In this context, user agents may represent area and
img elements with no specified alt attributes, or whose alt
attributes are the empty string or some other non-visible text, in
a user-agent-defined fashion intended to indicate the lack of
suitable author-provided text.
If the user agent intends to show the image and allow interaction
with the image to select hyperlinks, then the image must be
associated with a set of layered shapes, taken from the
area elements in areas, in reverse
tree order (so the last specified area element in the
map is the bottom-most shape, and the first
element in the map, in tree order, is the
top-most shape).
Each area element in areas must
be processed as follows to obtain a shape to layer onto the
image:
Find the state that the element's shape attribute represents.
Use the rules for parsing a list of integers to
parse the element's coords
attribute, if it is present, and let the result be the coords list. If the attribute is absent, let the
coords list be the empty list.
If the number of items in the coords
list is less than the minimum number given for the
area element's current state, as per the following
table, then the shape is empty; abort these steps.
| State | Minimum number of items |
|---|---|
| Circle state | 3 |
| Default state | 0 |
| Polygon state | 6 |
| Rectangle state | 4 |
Check for excess items in the coords
list as per the entry in the following list corresponding to the
shape attribute's state:
If the shape attribute
represents the rectangle
state, and the first number in the list is numerically less
than the third number in the list, then swap those two numbers
around.
If the shape attribute
represents the rectangle
state, and the second number in the list is numerically less
than the fourth number in the list, then swap those two numbers
around.
If the shape attribute
represents the circle
state, and the third number in the list is less than or
equal to zero, then the shape is empty; abort these steps.
Now, the shape represented by the element is the one
described for the entry in the list below corresponding to the
state of the shape
attribute:
Let x be the first number in coords, y be the second number, and r be the third number.
The shape is a circle whose center is x CSS pixels from the left edge of the image and y CSS pixels from the top edge of the image, and whose radius is r pixels.
The shape is a rectangle that exactly covers the entire image.
Let xi be the (2i)th entry in coords, and yi be the (2i+1)th entry in coords (the first entry in coords being the one with index 0).
Let the coordinates be (xi, yi), interpreted in CSS pixels measured from the top left of the image, for all integer values of i from 0 to (N/2)-1, where N is the number of items in coords.
The shape is a polygon whose vertices are given by the coordinates, and whose interior is established using the even-odd rule. [GRAPHICS]
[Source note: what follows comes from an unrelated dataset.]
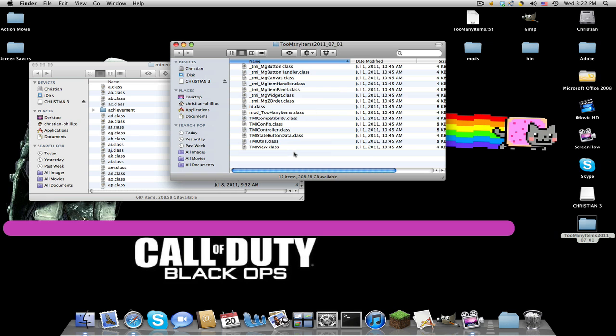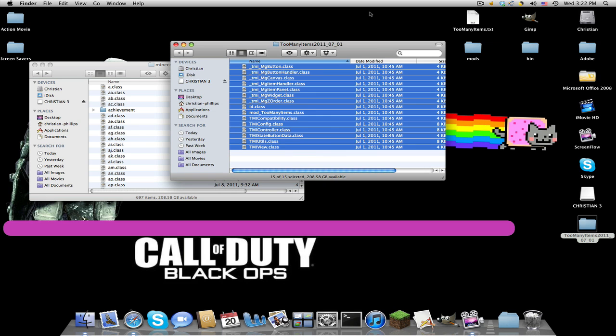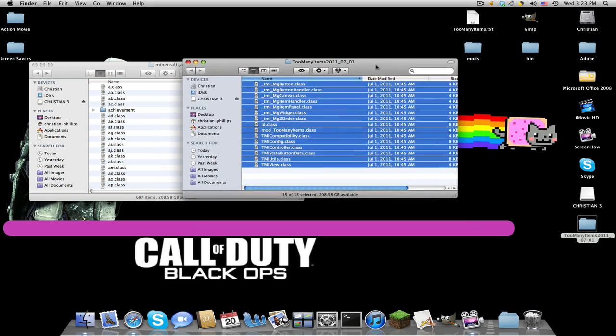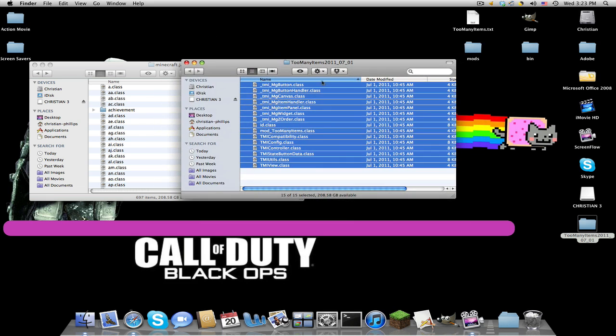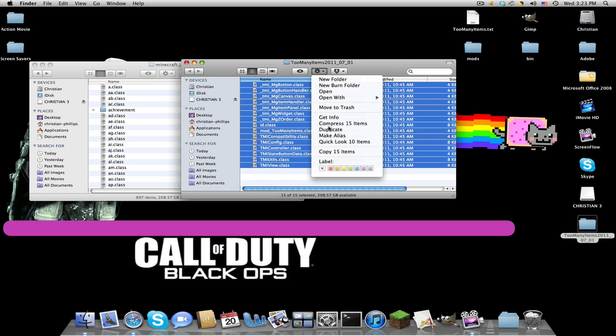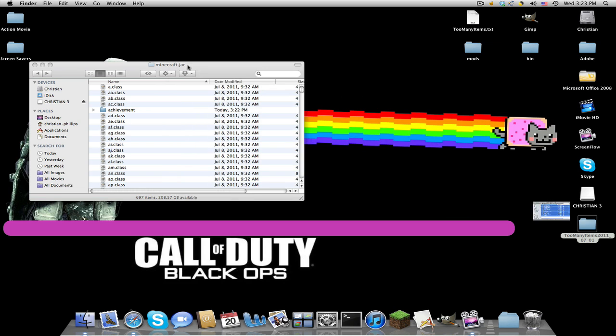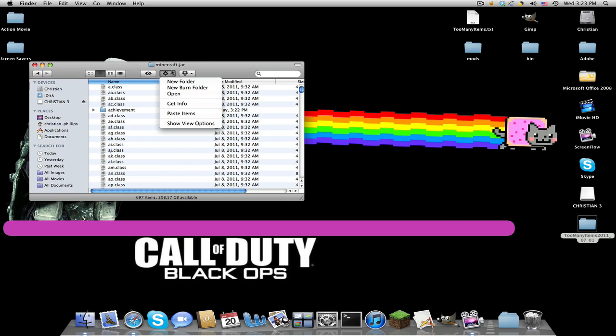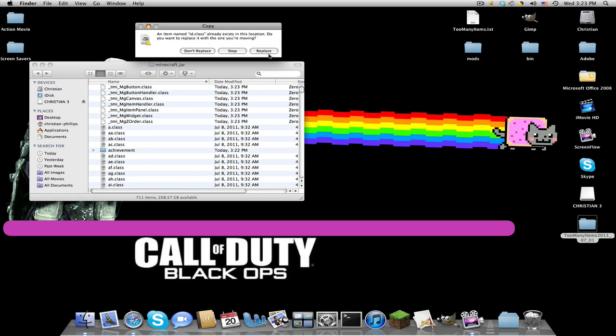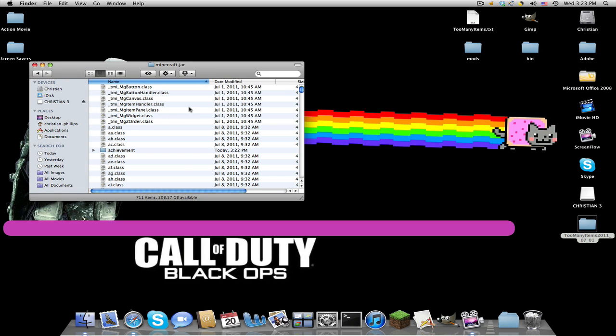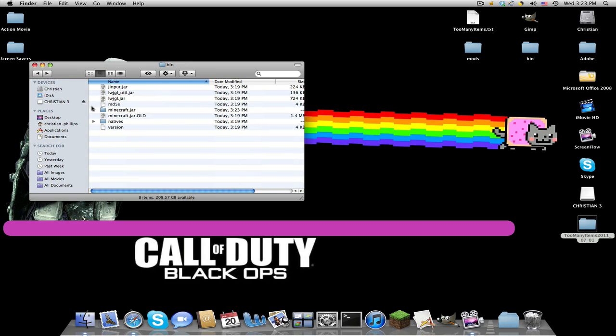Now we go into our Too Many Items folder. Apple A or Control A. Now we're just going to copy all these. Just to show you that I'm copying, close out of this, now paste them into your minecraft dot jar. Paste items and replace. So now you have all these.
Let x1 be the first number in coords, y1 be the second number, x2 be the third number, and y2 be the fourth number.
The shape is a rectangle whose top-left corner is given by the coordinate (x1, y1) and whose bottom right corner is given by the coordinate (x2, y2), those coordinates being interpreted as CSS pixels from the top left corner of the image.
For historical reasons, the coordinates must be interpreted
relative to the displayed image after any stretching
caused by the CSS 'width' and 'height' properties (or, for non-CSS
browsers, the image element's width and
height attributes — CSS browsers map
those attributes to the aforementioned CSS properties).
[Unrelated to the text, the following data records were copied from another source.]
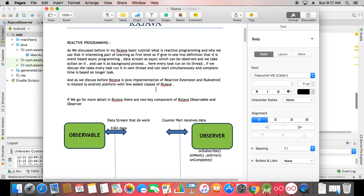Hello everyone, this is Vishal and we are continuing the RxJava series. Based on user requests, I'll describe the differences between RxJava observable types one by one. Today I'll show you how to use Single and Maybe, and in coming tutorials I'll show how to use RxJava with Retrofit and other technologies.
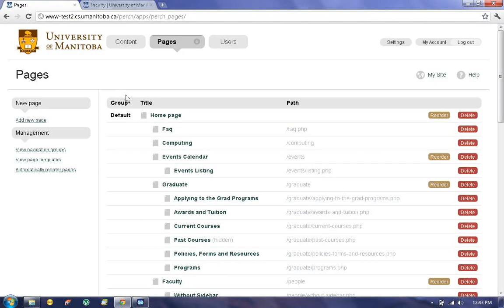That was a basic tutorial on how to manage pages on the Perch Content Management System. Thank you.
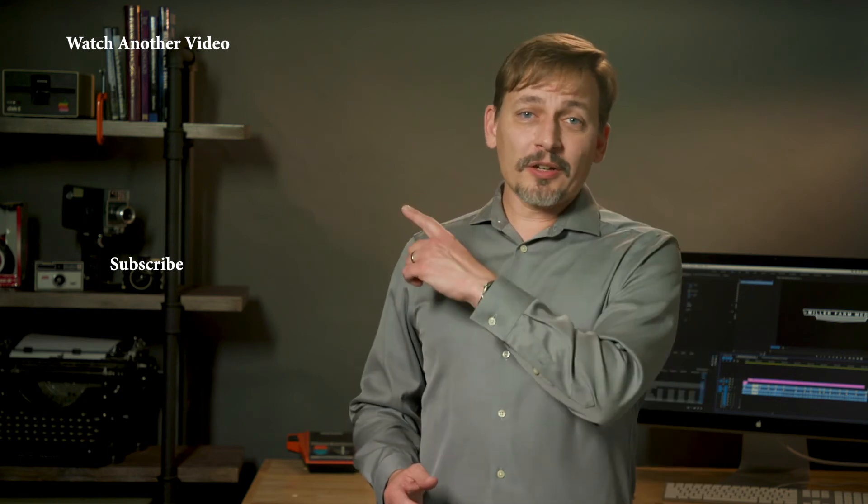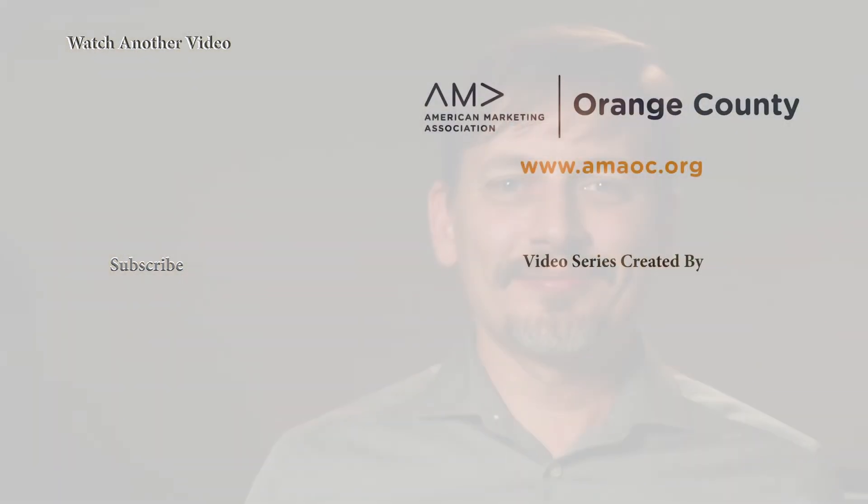If you want to learn more about how to use video as part of your marketing efforts, click the box on your screen to watch more videos. I invite you to visit our website at amaoc.org for more information about membership and our events in Orange County.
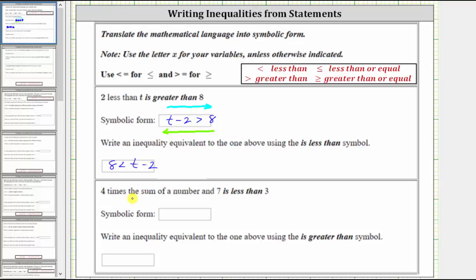Next, we have: four times the sum of a number and seven is less than three. For the unknown number we use the variable x. We begin with an expression for four times the sum of a number and seven: four times the quantity x plus seven. This is less than three, so we use a less than inequality symbol, giving us four times the quantity x plus seven is less than three.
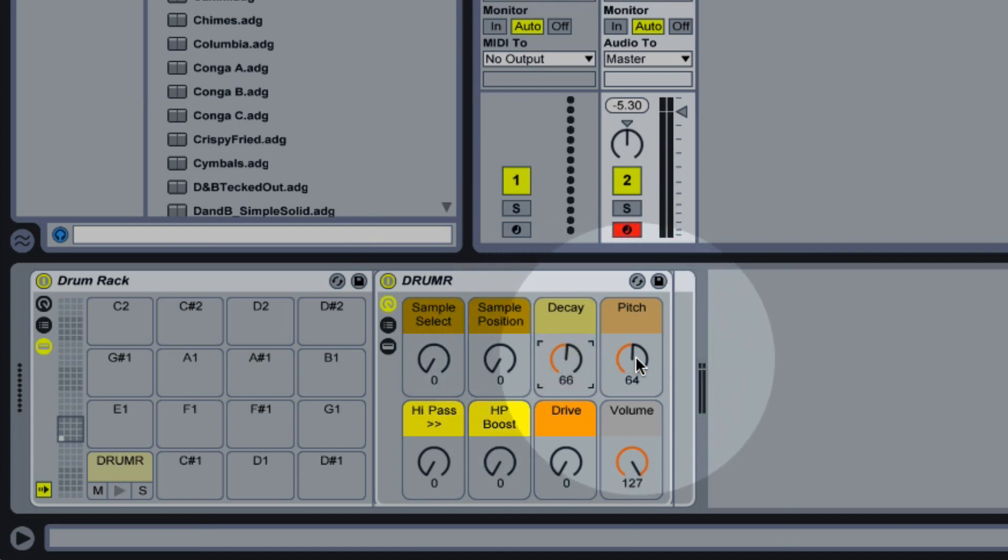Pitch controls the pitch of our sample, turning it to the left will lower the pitch and to the right will raise the pitch.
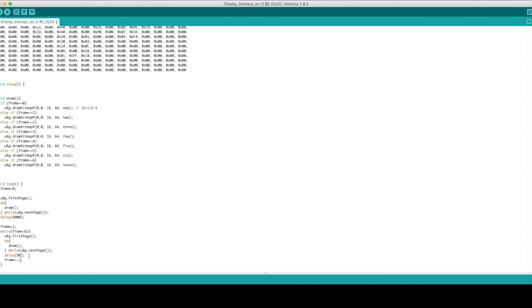If we run this new code, the first facial expression will be displayed for 4 seconds, then the following 6 talking facial expressions will be played in rapid succession one after the other before looping back and starting the cycle over again.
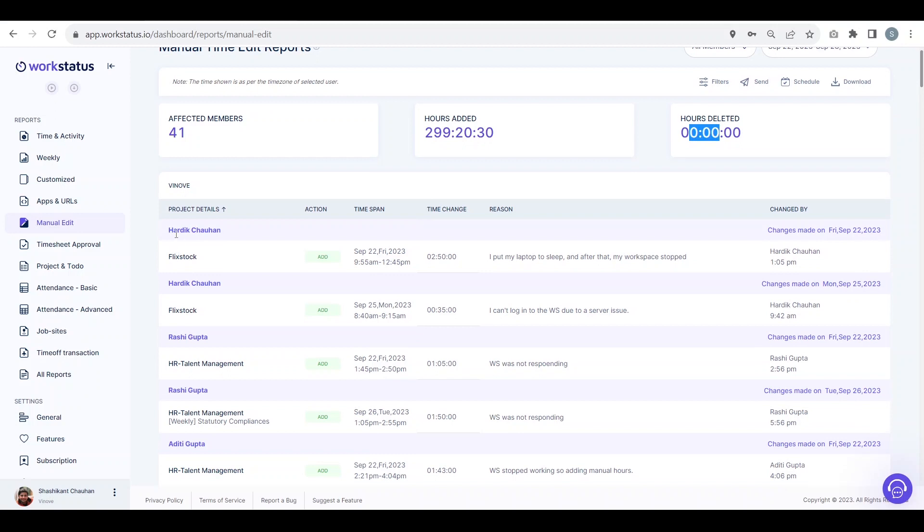Here you can see the name of all the users who have added manual timesheet for this project on this date, from this time to this time. The total duration for this session is shown here.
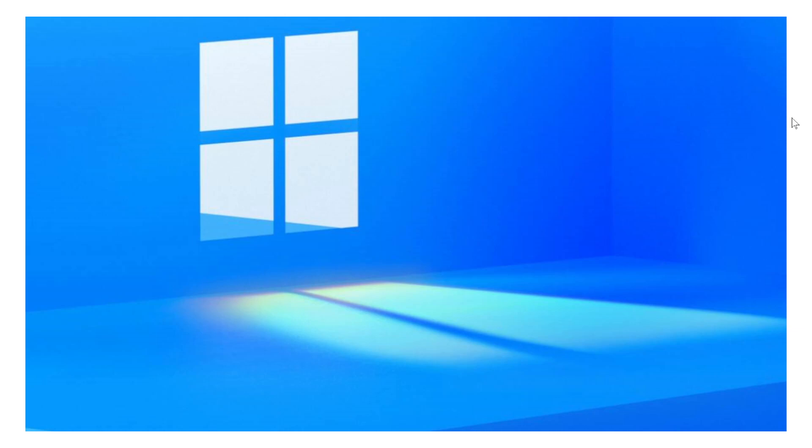So what that says is we're pretty sure it's not Windows 11 now. They changed it back. At first it said Windows Sun Valley and they changed it back to Windows 10 Sun Valley.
Browser zoom features and transforms applied using CSS or SVG do not affect the coordinates.
Pointing device interaction with an image associated with a set
of layered shapes per the above algorithm must result in the
relevant user interaction events being first fired to the top-most
shape covering the point that the pointing device indicated, if any,
or to the image element itself, if there is no shape covering that
point. User agents may also allow individual area
elements representing hyperlinks to
be selected and activated (e.g. using a keyboard).
Because a map element (and its
area elements) can be associated with multiple
img and object elements, it is possible
for an area element to correspond to multiple focusable
areas of the document.
Image maps are live; if the DOM is mutated, then the user agent must act as if it had rerun the algorithms for image maps.